John Millman: From grassroots to Grand Slams
John Millman’s tennis journey began playing in his Brisbane backyard – now he’s Australia’s No.2-ranked man and competing on the world stage.
A Hills Hoist, a coat hanger, newspaper and his mum’s old stockings was how John Millman first experienced tennis.
“Mum would hang up stockings on the clothes line and in the stockings would be scrunched up balls of newspaper. She’d also cover a clothes hanger in a stocking, so you’d have a little stocking racquet to hit the hanging stockings with,” Millman recalled in a Tennis Australia Facebook Live interview in 2020.
Millman, who grew up in Brisbane, began proper tennis lessons at age four. His three older sisters played and he was determined to follow in their footsteps.
“I was watching my sisters go out and hit balls at 6am every Saturday morning at Laff’s Tennis Centre,” Millman said.
“Eventually I got the call up to get the first 15 minutes at 5.45am. The coach would get there at the crack of dawn and you wouldn’t be able to see a thing in winter. I’d get the first 15 minutes, then they had to drag me off the court.”
His first coach was Ken Laver, a relative of Australian legend Rod Laver.
Ken Laffey, who operated Laff’s Mt Gravatt Tennis Centre, recalls it did not take long for Millman to join the centre’s thriving junior competition.
“John holds the honour of being the youngest child to ever play in our junior fixtures. He was four-and-a-half when he started playing full court junior fixtures, which was before the days of the ANZ Tennis Hot Shots program,” Laffey said.
“John was very competitive. He just hated being beaten. But because he was so young, everyone he played was older and stronger than him.”
Determined to improve, Millman spent hours as a junior hitting with an old ball machine that was a gift from Laffey.
He would rush home after school each day, push the heavy machine down a hill to the family’s backyard tennis court and set up six extension cords to operate it.
“I’d just hit balls for hours with no one on the court with me,” Millman recalled.
“You can see how that’s influenced my game style today. I probably should have spent a bit more time at the net.”
As he honed his on-court skills, the ultra-competitive Millman also learned valuable life lessons in his formative years.
Admitting he was a ‘big crier’ as a junior, Millman recalls Laffey putting a stop to such behaviour.
“I remember Ken ringing up on the landline when I was eight years old and saying ‘if you cry in this tournament, you’re going to have to have a break from tennis for a bit’,” Millman said.

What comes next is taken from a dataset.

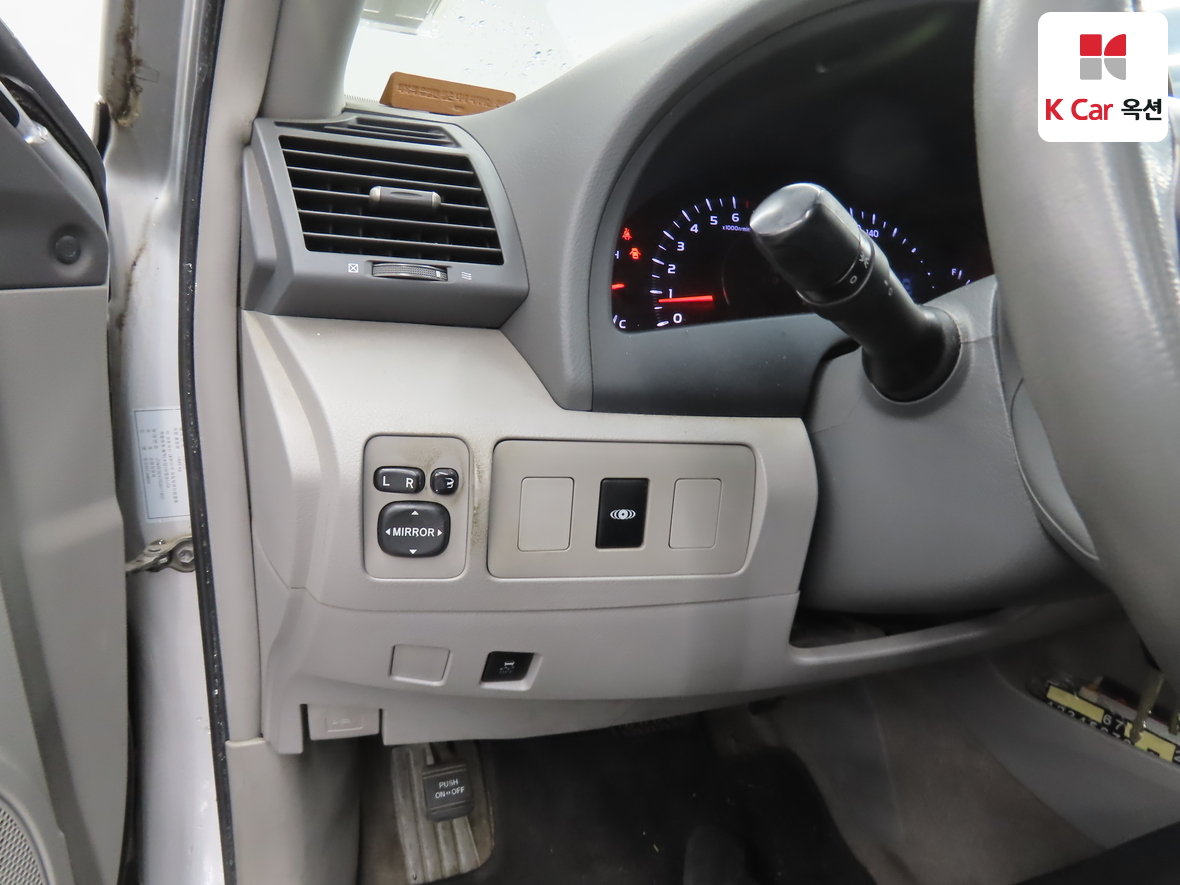 Toyota Camry - 9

“The only thing worse than losing, was not being able to play tennis.”
Millman credits his parents, who had asked Laffey to call, for teaching him the importance of sportsmanship.
“My Mum and Dad instilled in me from a very young age that competition is important and you’ve got to love to compete, but first and foremost you’ve got to be a good person, respect the game, respect your opponent and conduct yourself in a good manner,” he said.
“It’s tough for an eight year old to have those qualities, they have to learn them. My parents were incredible role models and they taught me that.”
Barbara Laffey, wife of Ken and a former player who competed in Grand Slam tournaments herself, recalls Millman was independent and considerate from a young age.
“John went to a lot of junior tournaments by himself because being from a big family, his parents couldn’t always go to every tournament with him,” she said.
“I think that has stood him in good stead for the tennis circuit. As a professional player you are on your own a lot of the time, which John experienced at a very young age. He has always been dedicated and wanted to do well.”
Millman, who was named one of four finalists in the peer-voted ATP Tour’s Stefan Edberg Sportsmanship Award in 2020, has gone on to reach stunning heights.
He contested his first Australian Open as a 19-year-old in 2009, making the second round in qualifying as a No.561-ranked wildcard.
Millman had to wait four years to make his Grand Slam main draw debut, doing so as a No.184-ranked wildcard at Australian Open 2013.
He has now contested 22 major tournaments, including six Australian Opens, and represented Australia at Davis Cup, Olympic and ATP Cup competitions.
Millman has displayed remarkable resilience in his career too, overcoming several serious injury setbacks. Such perseverance has been rewarded, with Millman winning his first ATP title in November 2020.
His best Grand Slam result to date is a US Open quarterfinal run in 2018, where he sensationally defeated world No.2 Roger Federer in the fourth round. It was Millman’s career-first top-10 win.
Now entrenched inside the world’s top 50, Millman remains grounded.
As he chases Grand Slam glory, repaying his family, friends, coaches and fans who have supported him throughout his career remains one of the 31-year-old’s major motivations.
“Whenever I step on the court, I just want to really give them something to cheer about,” says the world No.38.